Thanks for the feedback! We are routing this to the appropriate team for follow-up. cc @EmmaZhu @Jinming-Hu @vinjiang.

Jinming-Hu commented 1 week ago

@sharmaplkt you should always instantiate your datalake clients with .dfs. endpoint. The clients will use .dfs endpoint for some operations and .blob. endpoint for the others. There's no way to modify or get around this. If you have a firewall, you should add both .dfs and .blob. endpoints into the rule set.

github-actions[bot] commented 1 week ago

Hi @sharmaplkt. Thank you for opening this issue and giving us the opportunity to assist. We believe that this has been addressed. If you feel that further discussion is needed, please add a comment with the text "/unresolve" to remove the "issue-addressed" label and continue the conversation.

sharmaplkt commented 5 days ago

@Jinming-Hu If you have a firewall, you should add both .dfs and .blob. endpoints into the rule set. Regarding this. Can you point me to the Azure documentation for adding both endpoints.

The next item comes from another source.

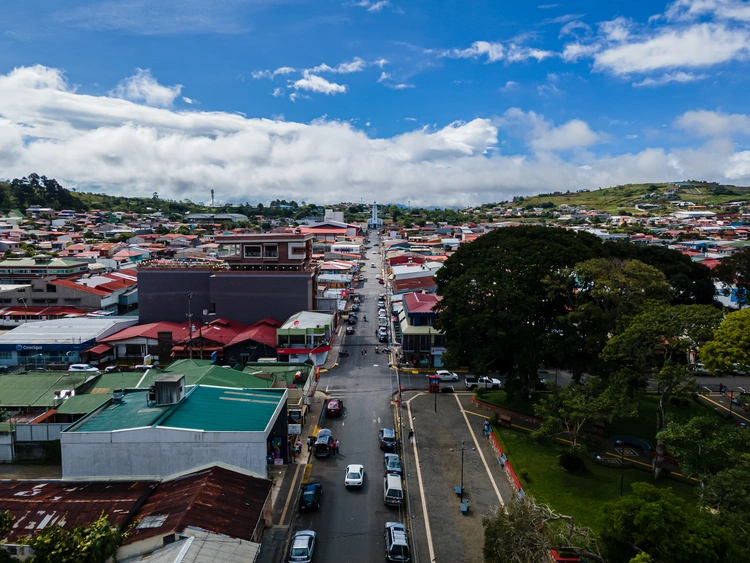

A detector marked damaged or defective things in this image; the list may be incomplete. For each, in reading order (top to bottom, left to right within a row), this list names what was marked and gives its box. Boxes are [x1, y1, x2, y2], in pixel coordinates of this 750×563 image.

rusty corrugated roof [0, 478, 157, 544] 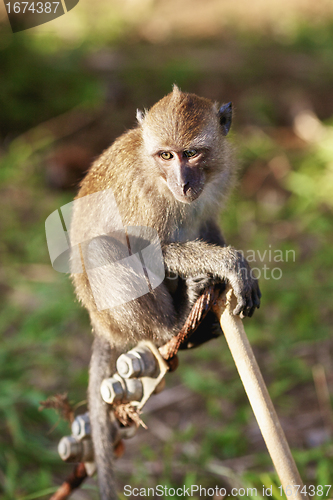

Jinming-Hu commented 5 days ago

@sharmaplkt There's no documentation for this. This is how storage SDK works, not just C++, but all languages (.Net, Java, etc.)

sharmaplkt commented 5 days ago

@Jinming-Hu For Java, We are able to connect to storage account without adding endpoint for .blob in firewall rules. But we need to add this specifically only for C++.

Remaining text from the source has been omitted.